-------- RECORDED INFORMATION

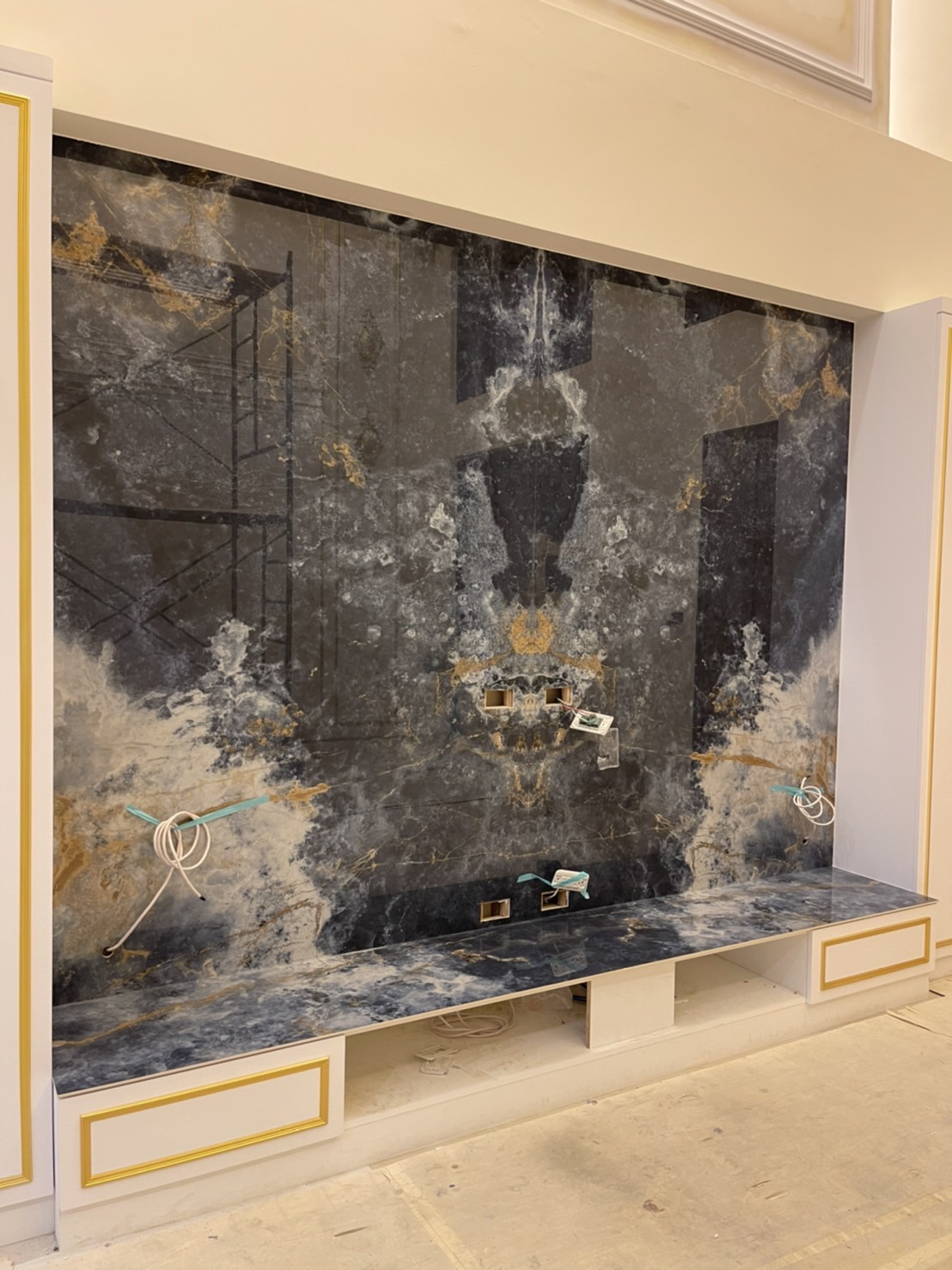 薄磚藍冰玉-電視牆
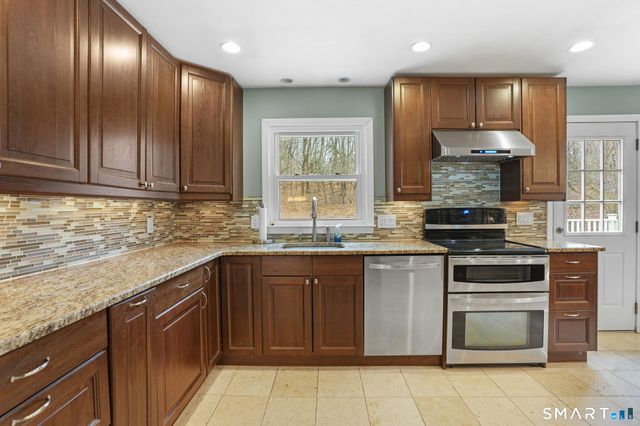 312 Turkey Roost Road, Monroe, CT 06468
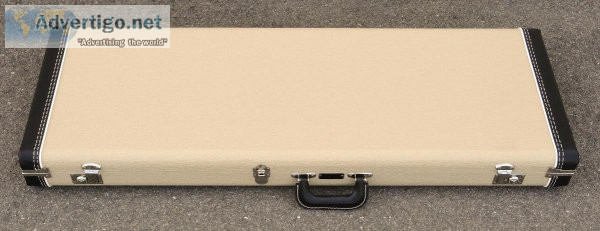 Fender 1963 REISSUE StratocasterTelecas ter Case - White W Orang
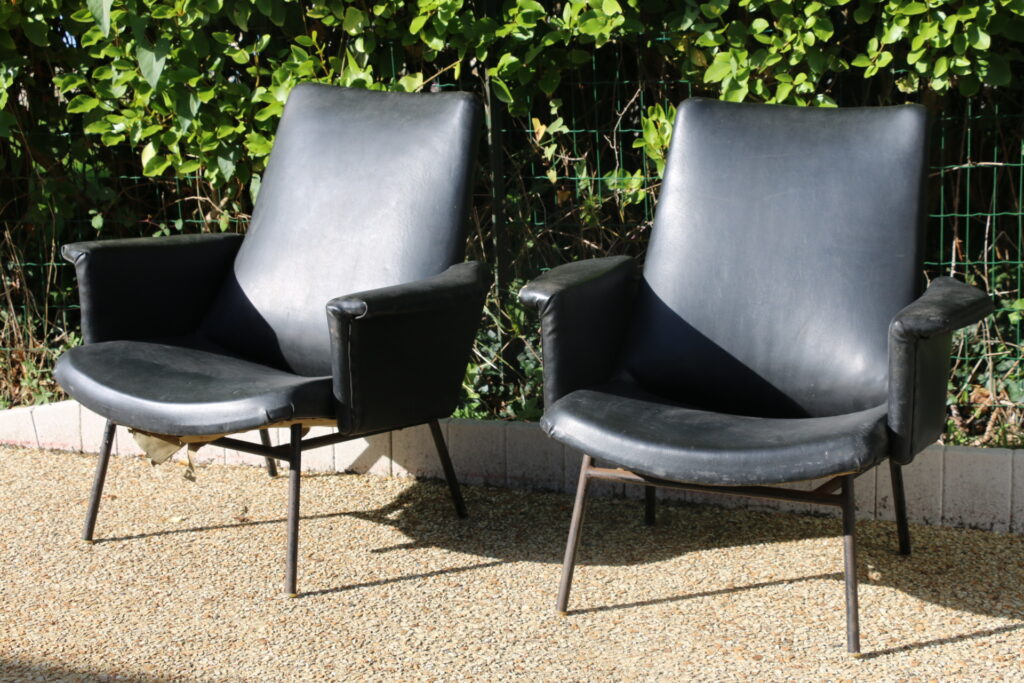 Paire de fauteuils Steiner SK660 à refaire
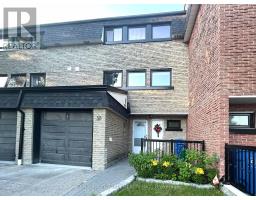 38 HENDERSON DRIVE, Aurora, Ontario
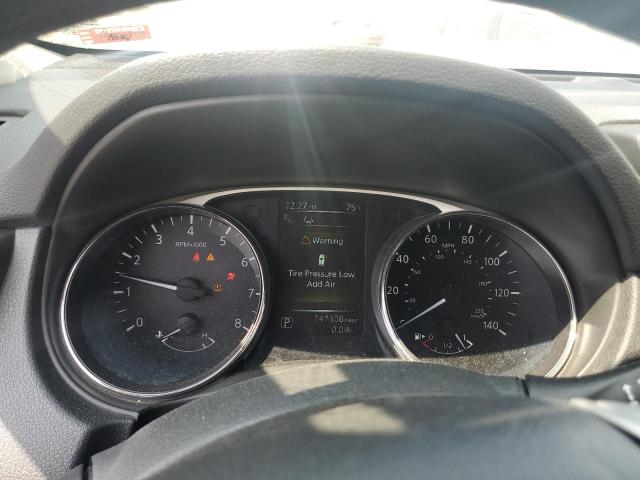 Photo 9 from auction – 2015 NISSAN ROGUE S with VIN 5N1AT2MV0FC809787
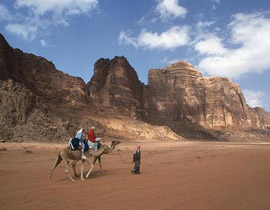 سبعيني من بئر السبع إلى العراء في جبال الاردن منذ 6 عقود صورة رقم 2 سبعيني من بئر السبع إلى العراء في جبال الاردن منذ 6 عقود صورة رقم 2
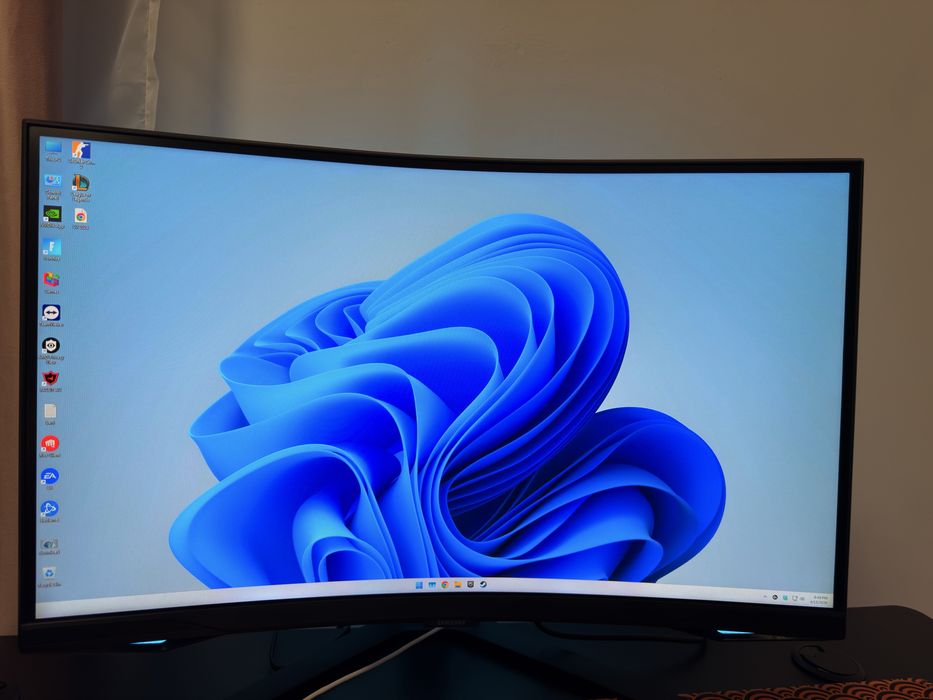 Samsung Odyssey G6 27" QHD, 240hz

----------------

YOUR ASSIGNMENT: Restate verbatim the lines that begin at the one holding "رقم 2 سبعيني" and end at the last line of the material. Exclude pictures.

YOUR RESPONSE:
 سبعيني من بئر السبع إلى العراء في جبال الاردن منذ 6 عقود صورة رقم 2 سبعيني من بئر السبع إلى العراء في جبال الاردن منذ 6 عقود صورة رقم 2
 Samsung Odyssey G6 27" QHD, 240hz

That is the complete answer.